Precisamente diez días después de su inauguración, el festival se clausuró con una doble dosis de algo antiguo: Simon Boccanegra de Verdi por la tarde y, por la noche, un popurrí barroco titulado Unholy Wars, que me perdí. En cuanto a Boccanegra, he de reconocer que tuve problemas con el montaje firmado por el tenor británico reconvertido en director de escena Laurence Dale, con decorados de Gary McCann cuyos pilares y paredes evocaban la arquitectura fascista de los años veinte y treinta del siglo pasado; el atractivo vestuario masculino (del diseñador español Fernand Ruiz) también recordaba a esa época, con sus trajes y corbatas visibles bajo las túnicas medievales. No me disgustó que Dale optase por contar la complicada historia de la ópera verdiana sin ningún “concepto” intrusivo, pero hubiera preferido que el decorado no girase una y otra vez, sin desmayo, que la iluminación no favoreciese los colores chillones y que los figurantes se hubieran empleado con más moderación. Y la escena final me pareció un completo error interpretativo: en la ópera que lleva su nombre, Boccanegra se convierte en una figura secundaria, desapareciendo por el escenario con el fantasma de su futura esposa, mientras su hija, Fiesco, y Adorno se quedaban abajo como zombis lamentando su muerte.

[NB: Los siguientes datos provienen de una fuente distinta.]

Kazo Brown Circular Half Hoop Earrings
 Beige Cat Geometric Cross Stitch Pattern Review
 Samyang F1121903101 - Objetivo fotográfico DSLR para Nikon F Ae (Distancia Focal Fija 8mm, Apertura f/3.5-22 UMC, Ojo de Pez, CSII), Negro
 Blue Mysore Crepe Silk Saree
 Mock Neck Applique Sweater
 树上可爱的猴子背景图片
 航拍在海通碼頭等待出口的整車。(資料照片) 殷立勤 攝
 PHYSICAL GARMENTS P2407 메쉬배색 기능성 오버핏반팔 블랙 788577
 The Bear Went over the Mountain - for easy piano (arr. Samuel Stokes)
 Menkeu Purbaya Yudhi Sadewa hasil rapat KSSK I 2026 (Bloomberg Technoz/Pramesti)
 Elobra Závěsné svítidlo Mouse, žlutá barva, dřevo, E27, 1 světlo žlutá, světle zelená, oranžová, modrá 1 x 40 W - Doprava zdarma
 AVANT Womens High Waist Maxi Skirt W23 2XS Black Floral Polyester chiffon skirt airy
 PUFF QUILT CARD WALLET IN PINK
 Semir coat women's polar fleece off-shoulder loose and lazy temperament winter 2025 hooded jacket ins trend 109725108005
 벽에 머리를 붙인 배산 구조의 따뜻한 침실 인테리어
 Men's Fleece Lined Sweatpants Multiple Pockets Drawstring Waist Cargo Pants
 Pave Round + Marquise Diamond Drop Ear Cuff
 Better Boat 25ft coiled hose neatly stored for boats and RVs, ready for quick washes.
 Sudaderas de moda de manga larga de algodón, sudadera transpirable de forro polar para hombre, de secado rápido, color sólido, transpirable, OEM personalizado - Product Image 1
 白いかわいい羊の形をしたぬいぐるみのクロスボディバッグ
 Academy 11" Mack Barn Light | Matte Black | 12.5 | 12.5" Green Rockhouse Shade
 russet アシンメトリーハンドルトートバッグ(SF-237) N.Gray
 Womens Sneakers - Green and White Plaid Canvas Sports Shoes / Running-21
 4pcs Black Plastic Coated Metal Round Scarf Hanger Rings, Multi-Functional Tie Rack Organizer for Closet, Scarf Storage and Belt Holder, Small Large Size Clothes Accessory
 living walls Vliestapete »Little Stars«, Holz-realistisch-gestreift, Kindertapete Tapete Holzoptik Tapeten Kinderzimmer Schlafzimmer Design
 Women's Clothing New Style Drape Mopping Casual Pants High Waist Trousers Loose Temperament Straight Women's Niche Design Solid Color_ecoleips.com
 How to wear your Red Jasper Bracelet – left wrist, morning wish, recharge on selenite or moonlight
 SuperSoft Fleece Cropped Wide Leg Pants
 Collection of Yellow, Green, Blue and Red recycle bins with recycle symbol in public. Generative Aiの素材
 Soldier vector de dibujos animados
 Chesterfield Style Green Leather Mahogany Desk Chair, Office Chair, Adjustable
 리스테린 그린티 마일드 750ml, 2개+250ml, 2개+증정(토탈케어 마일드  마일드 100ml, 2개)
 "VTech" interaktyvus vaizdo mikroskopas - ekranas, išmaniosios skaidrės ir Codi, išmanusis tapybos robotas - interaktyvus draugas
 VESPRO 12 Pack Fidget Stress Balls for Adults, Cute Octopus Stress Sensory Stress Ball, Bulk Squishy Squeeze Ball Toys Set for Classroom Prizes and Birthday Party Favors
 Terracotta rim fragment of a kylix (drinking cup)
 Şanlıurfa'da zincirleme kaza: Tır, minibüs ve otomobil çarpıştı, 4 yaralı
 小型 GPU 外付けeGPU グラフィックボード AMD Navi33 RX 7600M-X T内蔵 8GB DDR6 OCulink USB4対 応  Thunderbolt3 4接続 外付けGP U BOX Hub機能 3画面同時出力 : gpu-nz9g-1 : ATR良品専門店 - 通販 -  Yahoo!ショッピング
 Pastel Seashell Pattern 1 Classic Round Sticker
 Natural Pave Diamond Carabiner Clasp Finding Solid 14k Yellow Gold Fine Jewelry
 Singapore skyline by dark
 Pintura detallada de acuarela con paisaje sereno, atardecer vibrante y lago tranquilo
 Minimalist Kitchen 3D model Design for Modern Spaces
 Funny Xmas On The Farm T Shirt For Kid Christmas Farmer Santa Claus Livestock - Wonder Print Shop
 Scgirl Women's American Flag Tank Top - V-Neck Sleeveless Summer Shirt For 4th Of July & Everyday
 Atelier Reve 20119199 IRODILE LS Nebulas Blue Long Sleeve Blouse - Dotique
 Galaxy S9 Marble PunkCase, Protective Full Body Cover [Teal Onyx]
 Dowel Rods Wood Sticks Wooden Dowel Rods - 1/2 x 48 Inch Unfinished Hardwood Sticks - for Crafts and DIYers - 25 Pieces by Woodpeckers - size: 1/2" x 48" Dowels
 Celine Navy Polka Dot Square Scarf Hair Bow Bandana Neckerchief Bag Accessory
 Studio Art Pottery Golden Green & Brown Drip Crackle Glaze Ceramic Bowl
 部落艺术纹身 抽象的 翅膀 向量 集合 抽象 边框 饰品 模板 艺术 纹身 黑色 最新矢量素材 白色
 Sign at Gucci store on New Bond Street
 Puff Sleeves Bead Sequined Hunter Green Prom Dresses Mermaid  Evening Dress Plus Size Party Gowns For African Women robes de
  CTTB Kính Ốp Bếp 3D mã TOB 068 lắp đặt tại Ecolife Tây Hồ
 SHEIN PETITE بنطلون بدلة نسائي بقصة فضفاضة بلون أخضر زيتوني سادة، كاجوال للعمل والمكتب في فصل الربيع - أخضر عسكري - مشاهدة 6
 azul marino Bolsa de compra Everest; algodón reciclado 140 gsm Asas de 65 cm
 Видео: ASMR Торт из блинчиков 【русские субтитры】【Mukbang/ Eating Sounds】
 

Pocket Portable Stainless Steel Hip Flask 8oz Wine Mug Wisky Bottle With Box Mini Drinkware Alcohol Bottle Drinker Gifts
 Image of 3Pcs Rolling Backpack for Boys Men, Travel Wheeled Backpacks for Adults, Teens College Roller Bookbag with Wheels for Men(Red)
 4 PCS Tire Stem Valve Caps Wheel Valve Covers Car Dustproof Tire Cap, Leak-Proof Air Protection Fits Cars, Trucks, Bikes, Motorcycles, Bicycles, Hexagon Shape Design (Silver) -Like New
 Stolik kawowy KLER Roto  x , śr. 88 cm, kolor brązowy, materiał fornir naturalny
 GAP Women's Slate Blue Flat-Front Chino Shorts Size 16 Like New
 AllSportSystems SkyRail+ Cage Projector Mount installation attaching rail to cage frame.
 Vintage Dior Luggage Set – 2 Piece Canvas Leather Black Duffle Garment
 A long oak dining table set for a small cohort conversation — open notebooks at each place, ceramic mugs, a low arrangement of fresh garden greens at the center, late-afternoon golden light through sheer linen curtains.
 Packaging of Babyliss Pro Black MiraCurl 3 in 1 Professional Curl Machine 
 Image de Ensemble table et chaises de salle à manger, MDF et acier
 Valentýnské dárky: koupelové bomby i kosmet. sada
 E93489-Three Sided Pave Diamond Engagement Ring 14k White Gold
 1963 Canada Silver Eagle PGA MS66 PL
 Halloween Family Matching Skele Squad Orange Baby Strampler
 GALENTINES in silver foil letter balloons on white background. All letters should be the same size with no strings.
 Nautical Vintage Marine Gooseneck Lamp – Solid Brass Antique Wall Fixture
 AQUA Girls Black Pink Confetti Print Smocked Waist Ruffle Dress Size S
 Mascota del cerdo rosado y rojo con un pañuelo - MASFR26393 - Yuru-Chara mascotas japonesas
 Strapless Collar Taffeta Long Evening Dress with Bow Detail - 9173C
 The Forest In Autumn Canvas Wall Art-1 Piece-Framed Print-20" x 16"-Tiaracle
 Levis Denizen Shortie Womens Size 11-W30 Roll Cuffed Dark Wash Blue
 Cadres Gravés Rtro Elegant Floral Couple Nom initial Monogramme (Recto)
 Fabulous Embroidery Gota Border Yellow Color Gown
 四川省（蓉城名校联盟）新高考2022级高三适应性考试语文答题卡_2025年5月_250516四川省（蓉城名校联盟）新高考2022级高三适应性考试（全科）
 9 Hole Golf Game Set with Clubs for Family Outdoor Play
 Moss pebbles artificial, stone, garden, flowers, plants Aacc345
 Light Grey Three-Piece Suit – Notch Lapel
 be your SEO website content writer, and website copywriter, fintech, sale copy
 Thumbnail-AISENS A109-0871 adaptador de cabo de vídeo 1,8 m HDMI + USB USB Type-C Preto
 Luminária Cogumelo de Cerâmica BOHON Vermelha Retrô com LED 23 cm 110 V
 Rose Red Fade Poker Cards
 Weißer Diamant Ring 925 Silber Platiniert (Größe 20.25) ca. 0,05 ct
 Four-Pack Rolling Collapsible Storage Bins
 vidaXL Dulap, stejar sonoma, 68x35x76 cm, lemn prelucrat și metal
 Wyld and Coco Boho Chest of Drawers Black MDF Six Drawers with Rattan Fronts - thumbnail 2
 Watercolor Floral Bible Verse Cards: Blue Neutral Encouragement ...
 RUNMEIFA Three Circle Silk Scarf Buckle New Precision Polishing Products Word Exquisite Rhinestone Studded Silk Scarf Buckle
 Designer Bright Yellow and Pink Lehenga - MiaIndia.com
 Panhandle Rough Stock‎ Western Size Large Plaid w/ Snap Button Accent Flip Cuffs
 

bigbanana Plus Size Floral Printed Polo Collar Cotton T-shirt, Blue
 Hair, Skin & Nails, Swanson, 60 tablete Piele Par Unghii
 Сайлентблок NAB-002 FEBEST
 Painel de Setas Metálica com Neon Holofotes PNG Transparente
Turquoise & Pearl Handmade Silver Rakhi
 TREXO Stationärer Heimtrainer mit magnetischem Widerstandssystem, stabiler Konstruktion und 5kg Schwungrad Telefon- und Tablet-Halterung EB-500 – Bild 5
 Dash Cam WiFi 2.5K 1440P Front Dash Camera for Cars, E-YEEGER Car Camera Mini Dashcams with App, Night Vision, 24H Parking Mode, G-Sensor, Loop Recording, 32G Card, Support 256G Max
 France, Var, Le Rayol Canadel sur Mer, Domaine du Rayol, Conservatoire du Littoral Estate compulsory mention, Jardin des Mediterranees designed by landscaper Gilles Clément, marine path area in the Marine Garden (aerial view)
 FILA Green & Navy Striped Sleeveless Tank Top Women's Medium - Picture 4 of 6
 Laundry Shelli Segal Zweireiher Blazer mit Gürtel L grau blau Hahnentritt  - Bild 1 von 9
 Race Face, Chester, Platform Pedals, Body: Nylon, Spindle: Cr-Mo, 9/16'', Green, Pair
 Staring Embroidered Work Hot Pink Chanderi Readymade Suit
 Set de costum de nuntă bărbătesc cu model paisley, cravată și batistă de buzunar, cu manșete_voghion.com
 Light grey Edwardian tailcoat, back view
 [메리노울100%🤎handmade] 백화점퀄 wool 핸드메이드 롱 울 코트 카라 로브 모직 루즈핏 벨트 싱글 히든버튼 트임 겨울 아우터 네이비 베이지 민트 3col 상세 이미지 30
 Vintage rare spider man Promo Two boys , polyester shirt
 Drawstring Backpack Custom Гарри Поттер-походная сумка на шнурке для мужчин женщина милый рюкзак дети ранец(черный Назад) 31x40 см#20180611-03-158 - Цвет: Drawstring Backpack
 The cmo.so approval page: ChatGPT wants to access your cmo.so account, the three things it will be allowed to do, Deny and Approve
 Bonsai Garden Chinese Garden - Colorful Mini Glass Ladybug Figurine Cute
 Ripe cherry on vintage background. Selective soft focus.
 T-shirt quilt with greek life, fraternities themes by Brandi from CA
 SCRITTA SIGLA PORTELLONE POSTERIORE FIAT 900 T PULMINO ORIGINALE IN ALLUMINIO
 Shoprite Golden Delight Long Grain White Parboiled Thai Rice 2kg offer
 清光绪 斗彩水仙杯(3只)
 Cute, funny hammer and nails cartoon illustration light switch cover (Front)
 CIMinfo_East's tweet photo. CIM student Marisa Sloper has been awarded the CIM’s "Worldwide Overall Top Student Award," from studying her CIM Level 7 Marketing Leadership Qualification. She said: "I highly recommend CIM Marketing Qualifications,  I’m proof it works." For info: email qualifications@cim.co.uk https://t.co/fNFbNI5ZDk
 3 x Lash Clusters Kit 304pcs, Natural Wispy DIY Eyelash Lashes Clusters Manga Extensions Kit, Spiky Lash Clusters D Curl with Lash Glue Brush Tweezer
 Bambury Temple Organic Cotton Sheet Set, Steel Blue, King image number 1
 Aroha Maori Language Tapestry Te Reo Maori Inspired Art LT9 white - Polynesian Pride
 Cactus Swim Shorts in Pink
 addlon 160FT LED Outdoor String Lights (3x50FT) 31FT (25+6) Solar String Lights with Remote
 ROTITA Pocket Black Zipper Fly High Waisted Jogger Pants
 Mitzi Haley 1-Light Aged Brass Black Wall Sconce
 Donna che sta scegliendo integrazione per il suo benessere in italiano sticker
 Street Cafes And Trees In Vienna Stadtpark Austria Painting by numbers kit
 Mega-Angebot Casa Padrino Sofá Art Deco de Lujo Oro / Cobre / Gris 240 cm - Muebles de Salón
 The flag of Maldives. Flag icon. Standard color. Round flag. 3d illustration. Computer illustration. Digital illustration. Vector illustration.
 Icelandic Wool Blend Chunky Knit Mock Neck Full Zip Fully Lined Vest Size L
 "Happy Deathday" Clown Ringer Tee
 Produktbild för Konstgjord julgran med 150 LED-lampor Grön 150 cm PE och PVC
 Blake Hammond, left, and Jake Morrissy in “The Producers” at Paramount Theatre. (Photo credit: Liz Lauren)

La relación padre-hija es fundamental en esta ópera, y al caer el telón me sentí dramáticamente defraudado.
Musicalmente, sin embargo, sentí cualquier cosa menos decepción. Desde los primeros compases, el director Corrado Rovaris supo capturar la especial ‘tinta’ de la espléndida partitura verdiana, y propulsó con pericia los numerosos giros del drama sin descuidar su fluidez lírica. Debutando en el papel principal, el barítono Quinn Kelsey estuvo soberbio; de voz grande y hermosa, con una gran atención a las dinámicas, su presencia escénica resultó asimismo magnética. Parecidas virtudes exhibió el bajo-barítono Christian Van Horn como Fiesco, a quien desearíamos oír cantar más Verdis en el Met. El tenor Richard Trey Smagur impresionó por su robustez vocal, sin sonar especialmente verdiano, mientras que el barítono Benjamin Taylor convenció plenamente, en lo vocal y en lo dramático, como Paolo, un papel que a menudo ha sido un trampolín hacia el propio Boccanegra. En una obra dominada por las voces masculinas graves, la soprano Jennifer Rowley inyectó un bienvenido brillo; incorporada a la producción a última hora para sustituir a la indispuesta Ana María Martínez, se ganó plenamente sus honorarios, por elevados que fueran. El coro también hizo un buen trabajo. Ese día el tiempo era felizmente cálido y soleado en Filadelfia, y esta memorable matiné fue una feliz compensación por el chaparrón de la semana anterior.